Por KUKULKÁN
A LO LARGO de los siglos, desafiar a la Iglesia Católica ha sido un acto de valentía intelectual, de riesgo político e incluso de martirio. Pero luego llegó Donald Trump… y convirtió la irreverencia en show, la crítica en merchandising, y la herejía en meme. Su más reciente autoproclamación como “el próximo vicario de Cristo”, acompañado de una imagen digna del Photoshop celestial —con tiara papal y mirada beatífica— no es más que una tragicomedia a la Trump: ruidosa, superficial y escandalosamente rentable.
VAMOS por partes, como diría Lutero con sus 95 tesis en mano. Aquel monje alemán desafió a una Iglesia corrupta desde las entrañas de su fe, y por ello fue excomulgado y perseguido. Su rebelión partió la historia del cristianismo en dos. ¿Y Trump? Él no protesta contra la teología ni propone una reforma doctrinal. Él simplemente se disfraza. Literalmente. Es la parodia del reformador sin reforma.

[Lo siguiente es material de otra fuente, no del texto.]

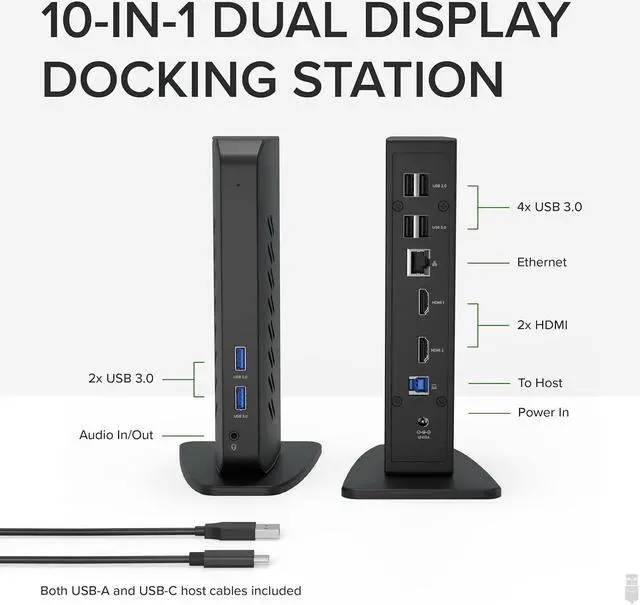 Alt view image 2 of 7 - Plugable USB 3.0 and USB-C Universal Laptop Docking Station for Windows and Mac (Dual Video HDMI, Gigabit Ethernet, Audio, 6 USB Ports)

GIORDANO Bruno defendía que el universo era infinito y que Dios no cabía en una sola interpretación. Lo quemaron en la hoguera por pensar demasiado lejos. Trump, en cambio, juega con símbolos religiosos como si fueran utilería de reality show. Nadie lo persigue. Al contrario: lo siguen millones con devoción tuitera. El fuego que enfrenta no es inquisitorial, sino el de los likes y retuits.
GALILEO Galilei arriesgó su vida por mirar al cielo y decir que la Tierra se mueve. Trump mira al cielo para posar como enviado, no del conocimiento, sino de sí mismo. Galileo fue silenciado por demostrar con pruebas. Trump grita sin demostrar nada. Uno cambió la ciencia, el otro apenas cambia de peinado. Nietzsche declaró que Dios había muerto y escribió tratados densos, incómodos, inquietantes. Su crítica al cristianismo era filosófica, radical, casi profética. Trump no ha leído a Nietzsche ni por error. Pero dice, sin decir, que él podría ser el reemplazo de Dios, o al menos su gerente de campaña.

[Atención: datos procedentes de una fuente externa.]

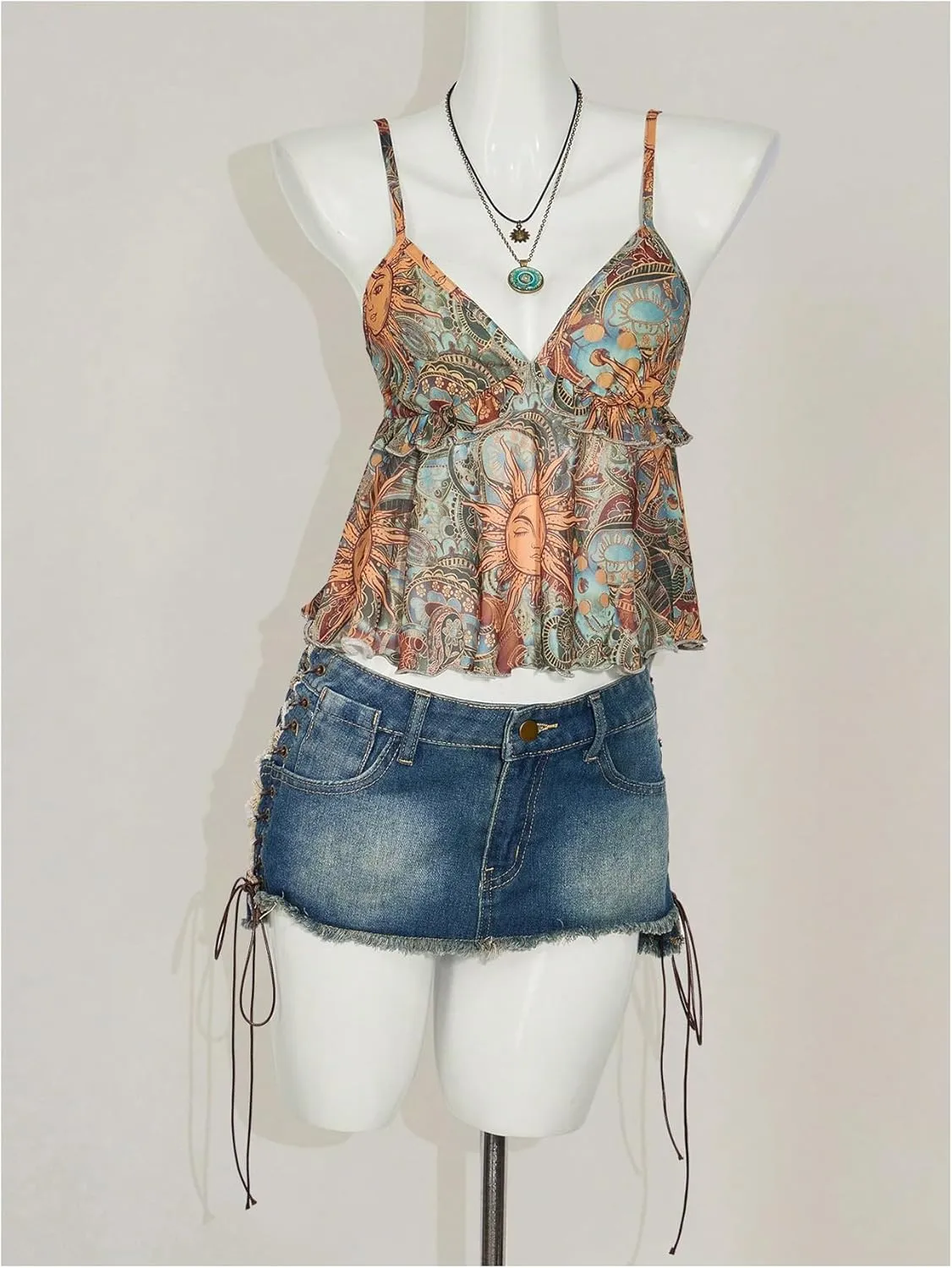 Milumia Women's Floral Mesh Cami Crop Top V Neck Ruffle Spaghetti Strap Tank Tops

Y CLARO, está Voltaire, ácido, lúcido, brutal. “Aplastad al infame”, gritaba contra el poder eclesiástico, defendiendo la libertad de pensamiento. Él sí sufrió censura, exilio, y aun así logró cambiar la historia intelectual de Europa. Trump, en cambio, aplasta con memes, insulta por reflejo y reduce la crítica a un sketch. Voltaire debatía. Trump… tuitea.

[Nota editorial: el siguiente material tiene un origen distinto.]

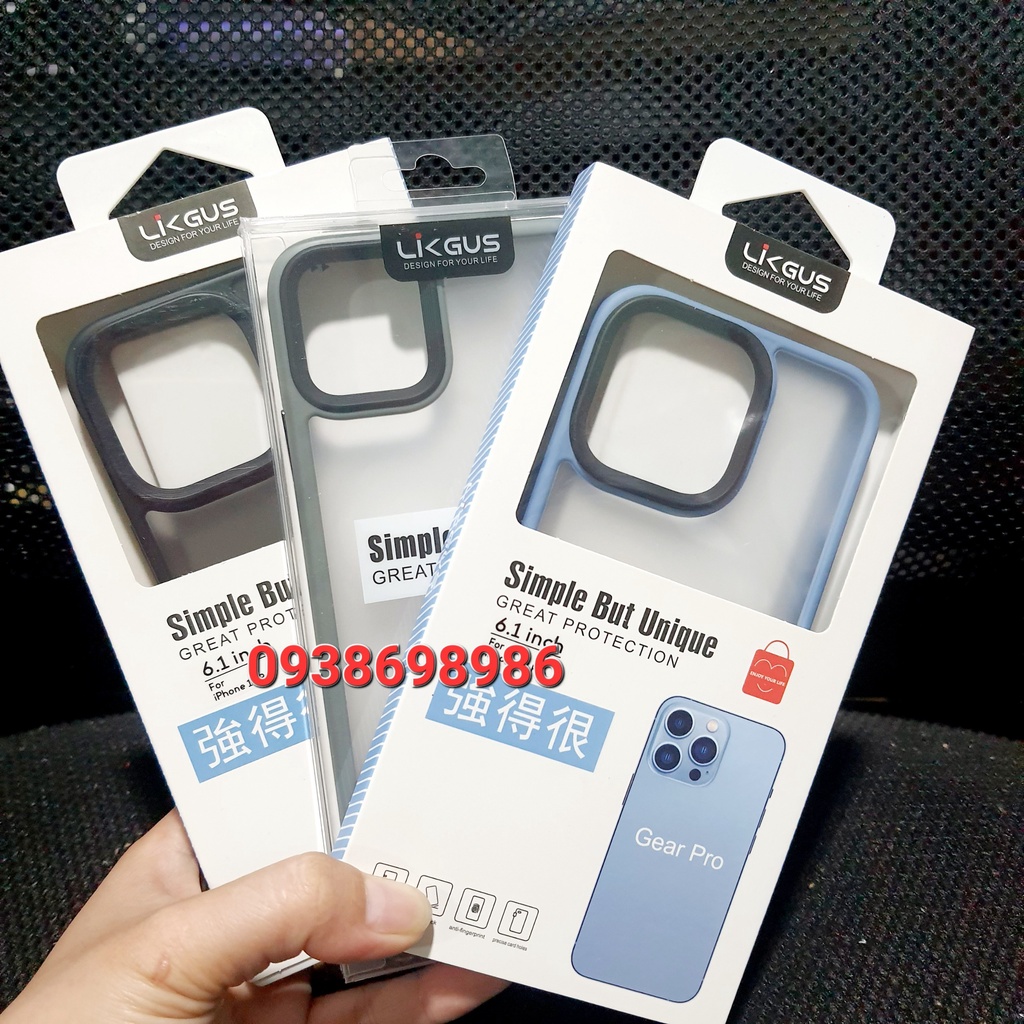 Ốp lưng nhám Viền màu iPhone 14promax / 15 pro max / 14/13 Pro max/13 pro/15 pro/12 Pro/12 Pro Max Chính hãng Likgus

LO QUE TODOS estos hombres tenían —Lutero, Bruno, Galileo, Nietzsche, Voltaire— era una conciencia clara del precio que pagaban por decir lo que decían. Trump, en cambio, no paga precio alguno. Al contrario: capitaliza el escándalo, gana cámara, gana adeptos. Su profanación no nace del conflicto con la fe, sino del hambre de atención. No es hereje: es influencer de lo divino. Y lo más inquietante es que, en este circo, hay quien lo cree. Que se lo toma en serio. Que lo ve de blanco papal y siente que hay un designio detrás del disfraz. Trump no quiere ser Papa para salvar almas, sino para reinar sobre ellas. No predica, pero sí ordena. No confiesa, pero cobra.
EL PROBLEMA no es que se burle de la Iglesia. Eso ya lo hicieron otros, con razones de fondo. El problema es que convierte la burla en campaña y la campaña en dogma. En el siglo XXI, al parecer, no necesitas tesis, ni telescopios, ni tratados. Basta con una imagen editada y una audiencia dispuesta. Y mientras tanto, en algún rincón del universo, Giordano Bruno se revuelca en su tumba. No por la herejía… sino por el nivel.